Indian MPs Think Clothes Spread AIDS.
And You Thought Dan Quayle was a Dodo!
August 24, 2006
Many Americans still laugh at the very mention of Dan "potatoe" Quayle, the 44th Vice President of USA and 2000 Republican presidential candidate, for not knowing how to spell potato.|
But Quayle is an intellectual giant compared to Indian politicians, most of whom are blabbering imbeciles.
According to a recent survey of 250 Indian Members of Parliament conducted by the Indian Association of Parliamentarians on Population Development, two-thirds believe the HIV/AIDS virus can spread by sharing clothes with an infected person.
No surprise then, with such appalling ignorance among the law-makers, India has one of the highest rates of HIV/AIDs in the world.
United Nations agency UNAIDS has estimated that 5.7 million children and adults carry the HIV virus in India.
Two-thirds of the 8.3 million HIV infected people in Asia live in India.
The recent "Person-to-Person Advocay" survey of the Indian parliamentarians also finds that 56% of MPs think a person can catch the HIV virus by sharing food and utensils with an infected person.
More than 50% of the MPs were unaware that HIV can be transmitted through blood transfusion.
There are a few silver linings in the survey - 76.4% of MPs know that sex with multiple partners can lead to AIDS and that a condom is a good precaution.
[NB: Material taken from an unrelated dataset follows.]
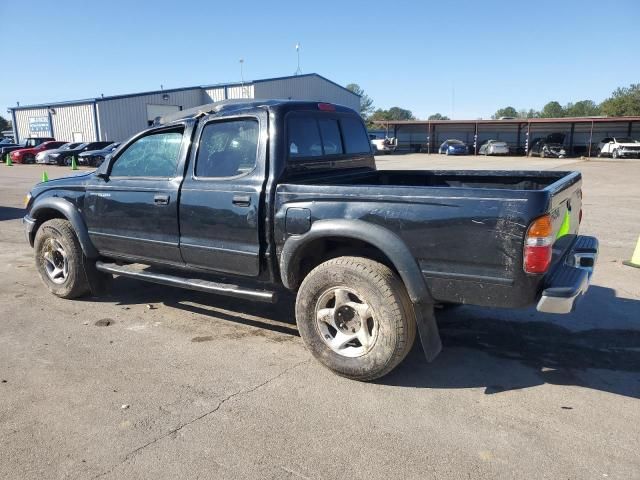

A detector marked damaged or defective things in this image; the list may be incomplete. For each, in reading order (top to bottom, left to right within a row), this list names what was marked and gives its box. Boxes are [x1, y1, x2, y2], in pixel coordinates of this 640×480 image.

crack in pavement [90, 358, 310, 478]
Also, 79.6% are aware infected needles can transmit AIDS and 53.6% of MPs know HIV spreads from infected mother to foetus.
Besides exposing the shocking ignorance of Indian MPs, the survey highlights the scary possibilities when these dodos make laws that affect the lives of hundreds of millions of people.
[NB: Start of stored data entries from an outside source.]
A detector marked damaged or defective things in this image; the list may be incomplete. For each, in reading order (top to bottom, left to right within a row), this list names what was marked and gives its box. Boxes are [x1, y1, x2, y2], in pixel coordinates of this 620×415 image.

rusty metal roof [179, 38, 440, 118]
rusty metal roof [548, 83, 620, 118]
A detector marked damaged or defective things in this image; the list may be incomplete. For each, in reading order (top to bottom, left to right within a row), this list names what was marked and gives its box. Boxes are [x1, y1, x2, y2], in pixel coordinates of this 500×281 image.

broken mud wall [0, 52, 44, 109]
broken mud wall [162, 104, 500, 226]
It's impossible to plumb the depths of ignorance of most Indian politicians because it's bottomless.
Most HIV infections in India are reported to be the result of unprotected heterosexual intercourse. According to UNAIDS, in 2005 less than 10% of people needing antiretroviral treatment received it in India.
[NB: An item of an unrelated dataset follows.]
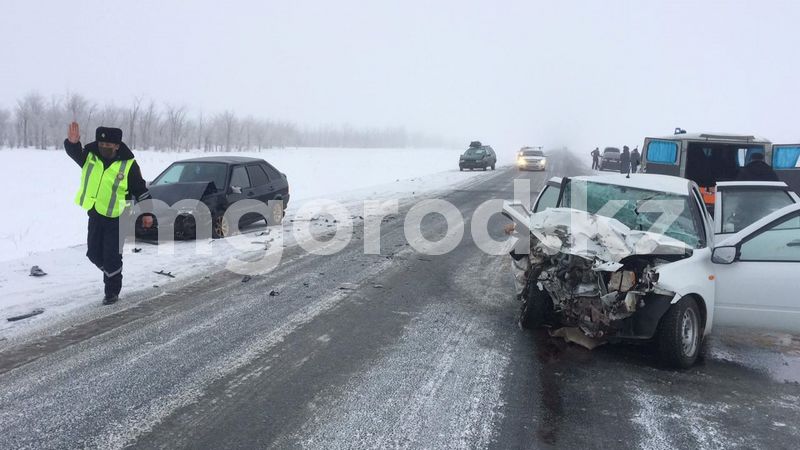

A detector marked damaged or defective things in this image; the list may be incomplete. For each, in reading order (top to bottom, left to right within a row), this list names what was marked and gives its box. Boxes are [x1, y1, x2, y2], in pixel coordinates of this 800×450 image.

HIV or Human Immuno deficiency Virus, is the virus that attacks the human immune system and reduces the body’s capacity to fight infections. AIDS has killed over 25 million since it first came to notice in 1981.
India has the second largest population - after South Africa - of HIV infections in the world.
Manipur, Nagaland, Andhra Pradesh, Tamil Nadu, Karnataka and Maharashtra are the Indian states with high incidence of HIV infections.